The bioavailability of phytonutrients is now generally understood, but their benefits on health and mechanisms of action remain contentious. These were initially investigated in human cells in vitro, complemented by studies in experimental animal models and in healthy and at-risk human volunteers. Though many phytonutrients are antioxidants, this concept is based on in vitro studies assessing antioxidant content rather than functionality. Measuring antioxidant activity essentially indicates the polyphenol content, rather than providing information about its impact on health.

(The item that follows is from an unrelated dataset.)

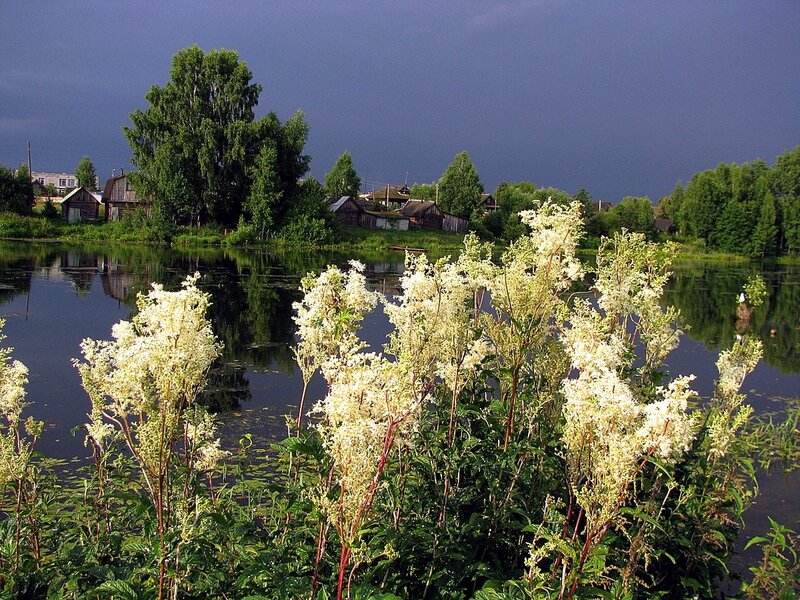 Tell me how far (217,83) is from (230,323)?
41.1 meters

The mechanisms of action of polyphenols are much more complex than direct antioxidant activity and involve effects on blood vessel health through vasodilation, on various oxidative processes in cells such as superoxide production, and on nutrient absorption and energy metabolism, including glucose. Research has shown that polyphenols can blunt postprandial spikes in blood glucose, which is beneficial to health. A study comparing sedentary adults, pre-diabetics and endurance athletes found that the glucose response to raisins was not very different across these groups (Kim et al. 2008). However, there was much greater variation in the insulin response, demonstrating that healthy adults produce less insulin to obtain the same glycaemic response. This needs to be investigated in other population groups such as obese individuals as well as comparison of responses to fresh and dried fruits.

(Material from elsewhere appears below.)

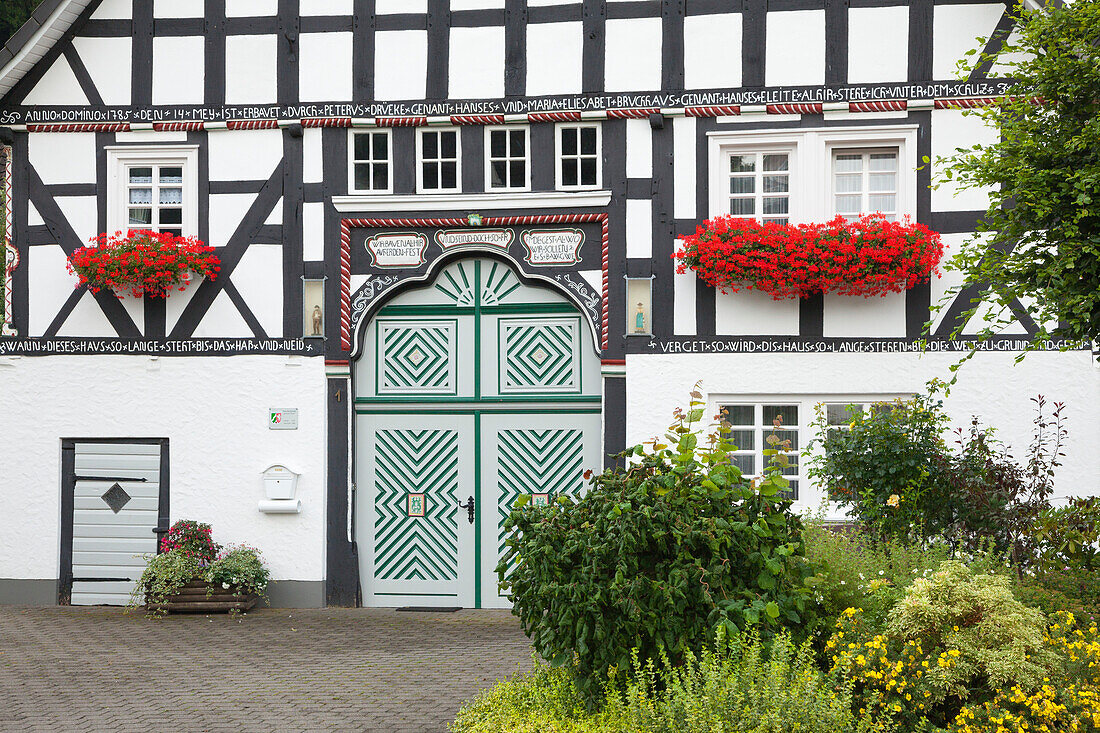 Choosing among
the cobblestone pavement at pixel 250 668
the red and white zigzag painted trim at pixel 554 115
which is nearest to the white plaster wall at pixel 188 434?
the cobblestone pavement at pixel 250 668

Polyphenols are fermented by the colonic microbiota and microbiome metabolites from polyphenols and other phytonutrients could potentially contribute to health benefits, in addition to the parent compounds present in dried fruit (Cardona et al. 2013). Little is currently known about this for dried fruits and this is another area for future research.

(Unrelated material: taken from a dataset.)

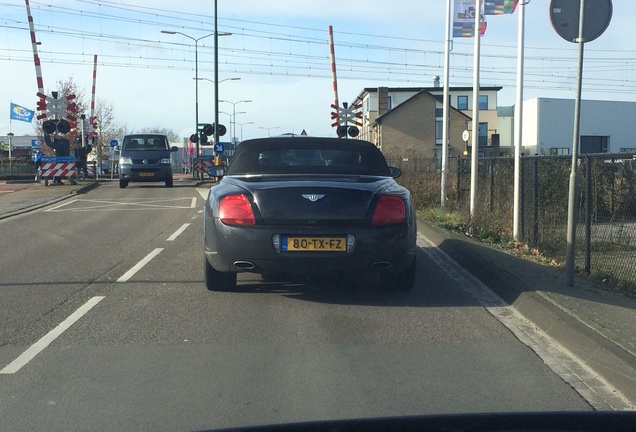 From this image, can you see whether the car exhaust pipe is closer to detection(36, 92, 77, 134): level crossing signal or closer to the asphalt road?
the asphalt road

Dried fruit and appetite – the psychology of snacking in relation to obesity

Current trends in eating patterns show that snacking is becoming more ubiquitous. A study reported that the median number of eating occasions was 6 per day (decile range 3–10), reflecting erratic daily eating patterns spread over the day (Gill and Panda 2015). Snacking is associated with concepts such as “junk” food or empty calories, and snack foods are often referred to in the context of loss of appetite control, obesity and overconsumption. Food choices that constitute “healthy snacking” are therefore being recommended, and the identification of foods that help to improve appetite control is a key area of research. An avenue of current research is to investigate whether traditional dried fruits could be a useful strategy to improve appetite control on account of their high palatability and a low Glycaemic Index (GI).

Not all individuals are at risk of weight gain from snacking, but homeostatic and hedonic phenotypes exist within obese populations. Identification of susceptible phenotypes for appetite control and determining the role of snacking behaviour in these phenotypes is the subject of current research. Susceptible phenotypes might express appetite through weak satiation, fragile satiety, obesogenic food choices, or excessive wanting and liking. A low satiety phenotype has been identified, characterised by poorer weight loss outcomes and a greater tendency to snack when given access to high energy density foods (Barkeling et al. 2007; Drapeau et al. 2013). Research has also identified a “binge-eating type” characterised by consumption of a large amount of food in a short period of time (Bruce and Wilfley 1996), and this is present in 25–50% of obese individuals.